When women ask how to get their boyfriends to commit, I suggest that they bring up the topic in conversation, allbeit gradually. Once the topic is in discussion, be direct.

 

When women are direct, most men get it.

 

When they hint around, we ignore it.

 

I also suggest that important communication with your guy should be done face to face. If distance is an issue, it should be over the phone (or teleconference if possible) - close your IM account, put down the blackberry and either get in the car for a visit or pick up the phone LOL

Posted

Pointless as a place for advice? No. The regs here who have been through alot of scenarios, have always seemed to give really good advice.

 

Pointless as a place to find romance? Maybe. Well, it has happened as I understand? (See Pyro and Citizen Erased) However, generally its not really a site for matchmaking.

Posted

I don't know if all that is true, but I do think a lot of the advice given out around here is ****ing horrible.

Posted
It always amazes how people are shocked at gender wars on a relationship board. The entire nature of this subject is about men vs women.

 

No, it's not. That you think it's all about "men vs women" says a lot about you and your issues.

Posted
No, it's not.

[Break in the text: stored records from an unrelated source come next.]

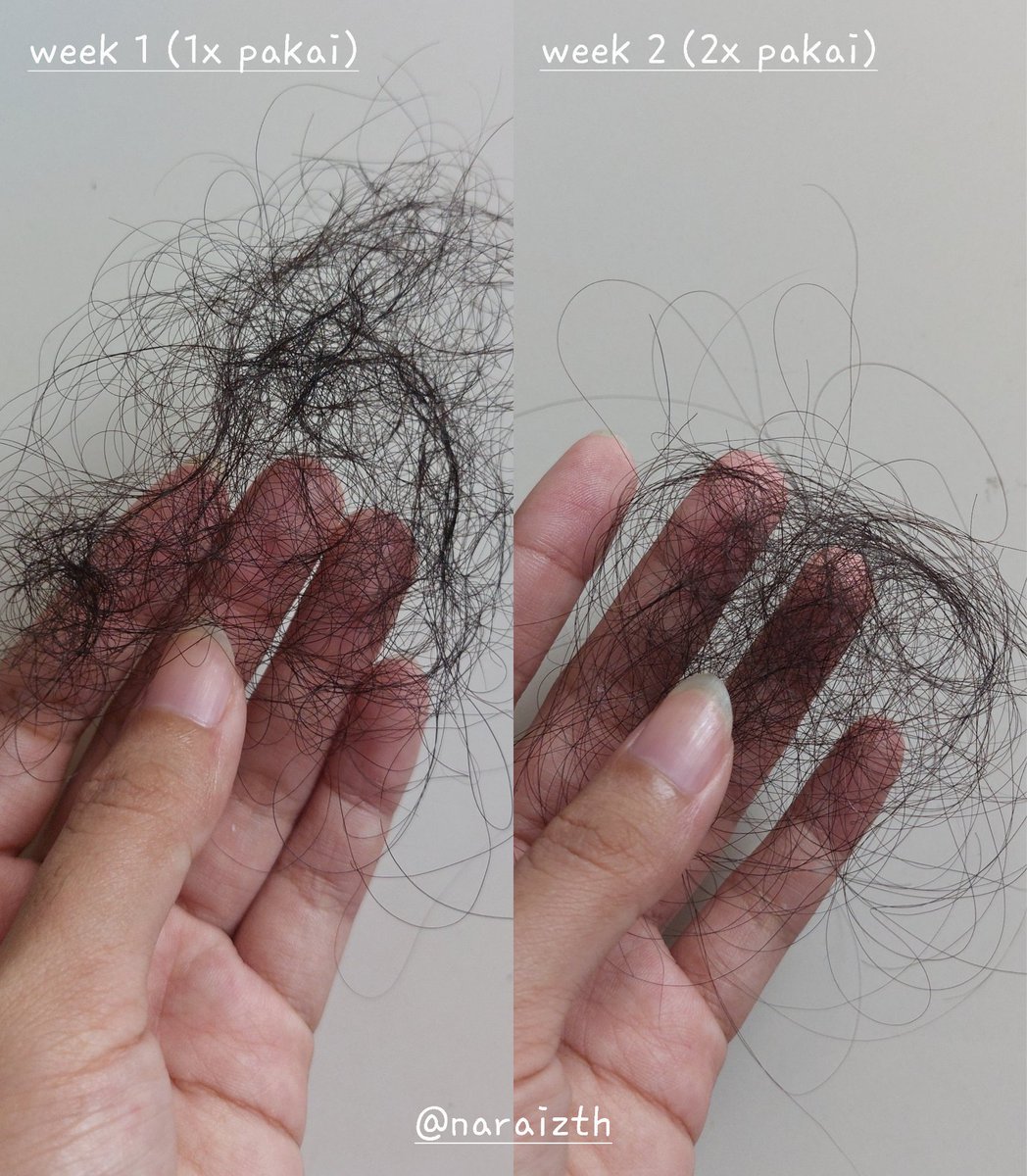 banyak bgt yg nanyain rambut aku sepanjang ini rontok ga sii?! RONTOK GUYS.. 🥲💔

TP SEKARANG UDAH JAUH BERKURANG BGTT SEJAK PAKE INII🥹🫶🏻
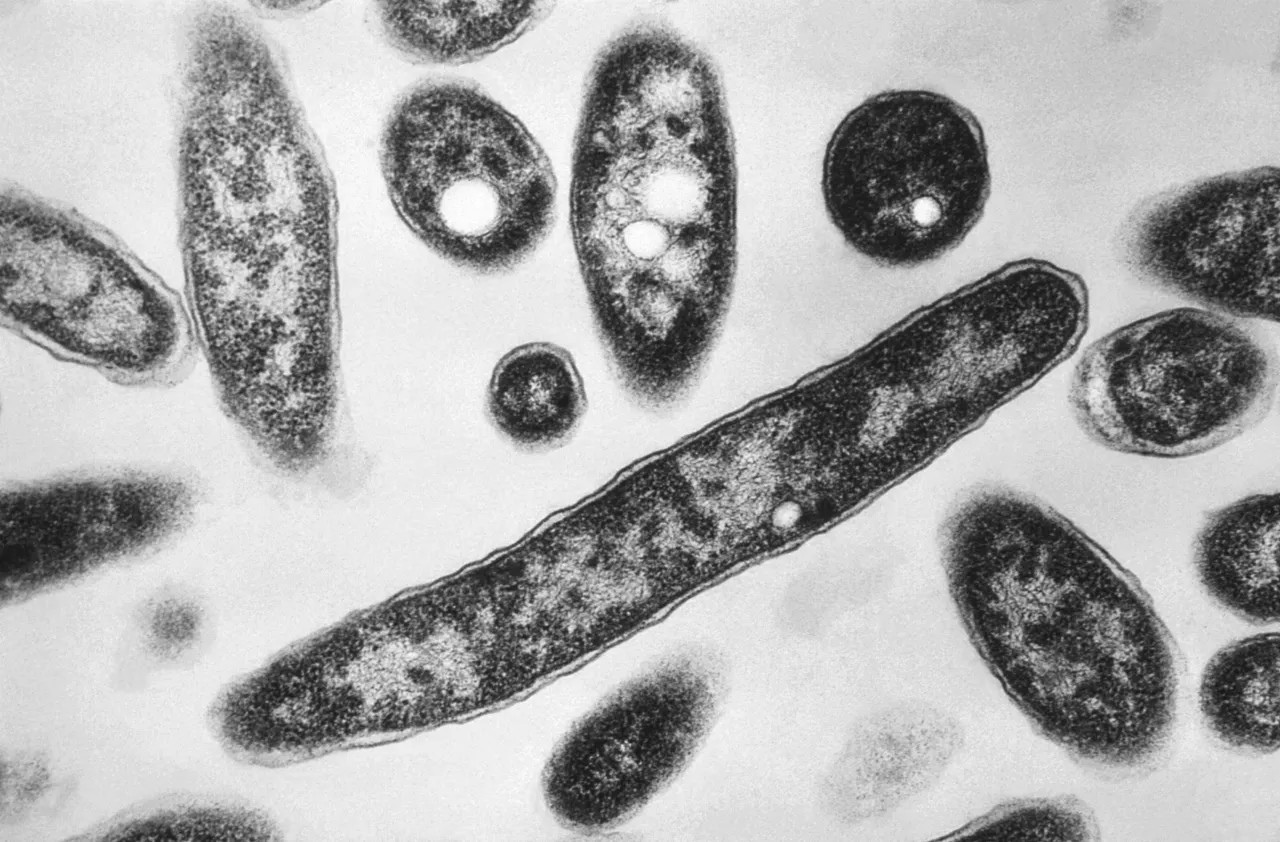 Featured image for Legionnaires’ Disease Outbreak in Marshalltown, Iowa: 21 Cases and 1 Death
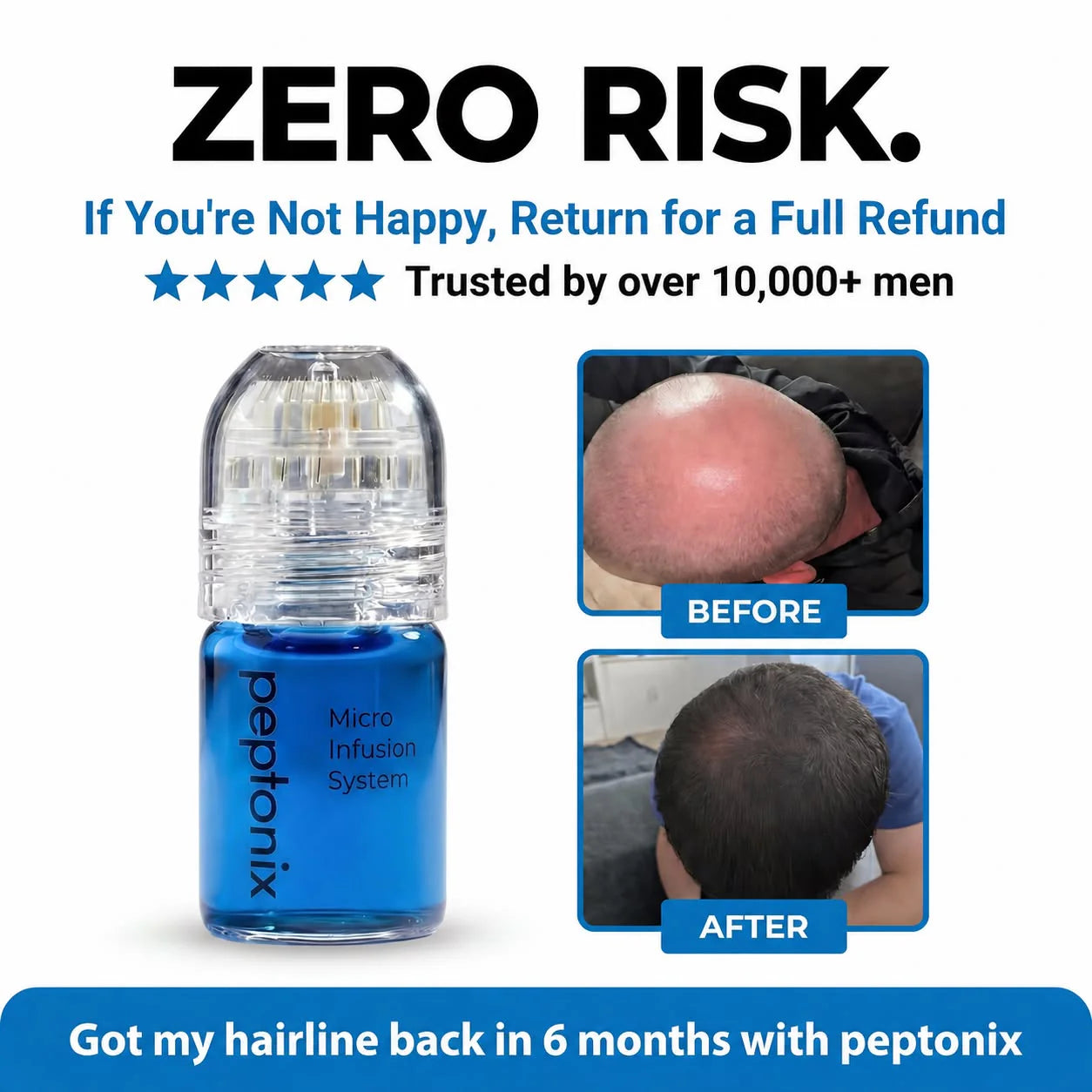 Peptonix - The Most Powerful Peptide Infusion  Hair Regrowth System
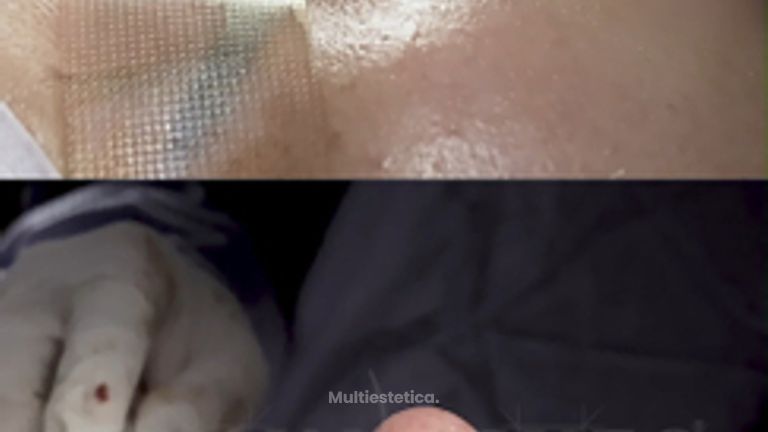 Rinoplastia - Dr. Lenin Alfonso Reyes Ibarra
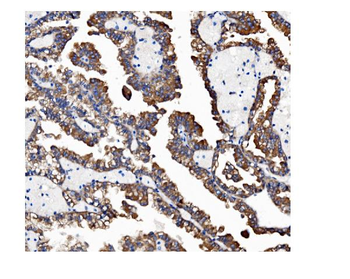 VAPB Rabbit Polyclonal Antibody
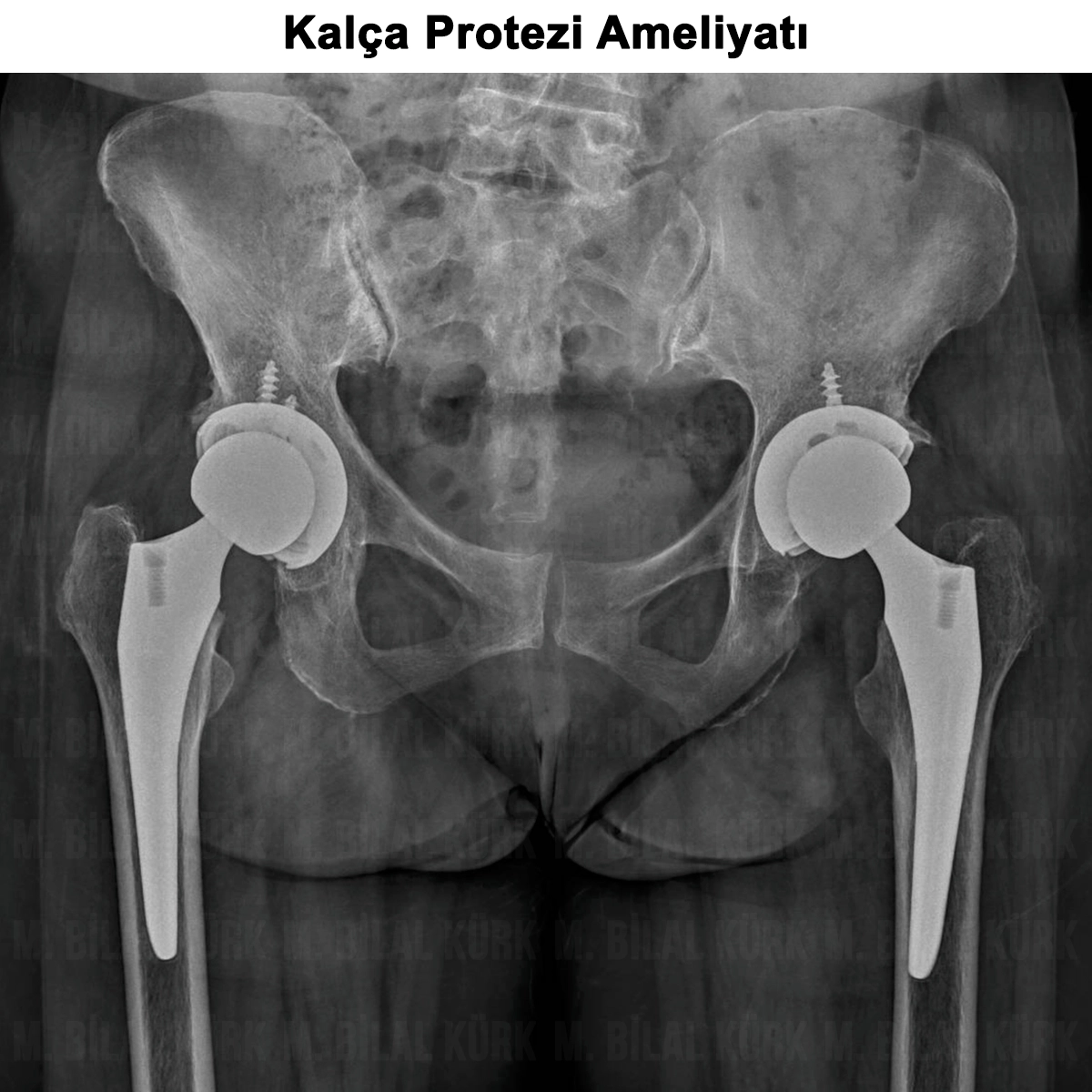 Kalça Protezi Ameliyatı: Nedir? Kimlere Yapılır? Sonrası?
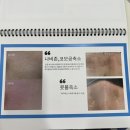 뷰티샵유에스에이 | 천안 불당동 토탈뷰티샵 뷰티에이 물방울 리프팅 솔직 후기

That you think it's all about "men vs women" says a lot about you and your issues.

 

Look at the state of relationships today and tell me it is not war.

Posted
I have gotten good advice from both women and men here. What you have to realize is that about 80% of the advice given here (and even by your friends) is bad or not-great. A good percentage of people are stumbling through life and don't really know what the hell they're doing. The trick is to be able to recognize the good, sound advice. And that can come from any of the men or women in that minority who are smart about life and know how to counsel others.

 

Exactly right.

And the gender thing - hollow. what works for one man may not work for another man anymore than what works for one woman may not work for another woman. Just as what works for a woman may not work for a man.

Posted
Look at the state of relationships today and tell me it is not war.

 

:rolleyes:

 

My relationship is fine. My friends don't have these OMG MEN VERSUS WOMEN problems, either. I don't sit around with my female friends and talk sh-t about men, and my guy friends don't hate women, either.

 

It's the way you personally view things. Don't assume that everyone else sees it that way too.

Posted
:rolleyes:

 

My relationship is fine. My friends don't have these OMG MEN VERSUS WOMEN problems, either. I don't sit around with my female friends and talk sh-t about men, and my guy friends don't hate women, either.

 

It's the way you personally view things. Don't assume that everyone else sees it that way too.

 

Pretty much all the relationships around me are like this and many of the women I know talk about their affairs and high five each other about it.

Posted
Pretty much all the relationships around me are like this and many of the women I know talk about their affairs and high five each other about it.

 

Well, I'm sorry the people you hang around are a-holes. Maybe you should do something about it.

Posted
Well, I'm sorry the people you hang around are a-holes. Maybe you should do something about it.

 

I work with them plus I read these boards. What I read on these confirms my opinion more than anything.

Posted
I work with them plus I read these boards. What I read on these confirms my opinion more than anything.

 

These boards don't give you an accurate view of reality.

 

Think about it. How many people in healthy, stable relationships are going to seek out a message board to discuss that relationship? And how many people who are hurting and in need of advice and support are going to seek out a message board?

 

What you see here are mostly people who are looking for others to talk to about their problems, so of course you're going to see much more negative content here.

Posted
Not all of us fall into that gender stereotyping in terms of the advice we give.

 

very true. i approach most situations more like a man would - and i'm a woman.

 

i have receive excellent advice her from men and women.

 

i think this site has a steady combination of both men and women who are rock solid in their approach to help. to say anything different may mean you haven't been here long enough to see help from the regular posters who have been here for years.

Posted
Seems to me that whenever someone asks for advice here, the advice he/she gets is greatly determined by the gender of the person GIVING the advice.

 

These boards are not pointless.

 

Even if the 'advice'-part often doesn't quite work out, each glimmer of similarity in a post gives the many hurt souls who populate these boards a reason to retell their personal story in yet another permutation. This takes time and keeps those people locked up in their tragedy and depression, and by extension their basements, therefore removing them from the dating pool for the benefit of humanity!

 

Hurray!

Posted

Your views are biased so you will not be open to people with opposing viewpoints. The same can be said for people who just want to hear it their way.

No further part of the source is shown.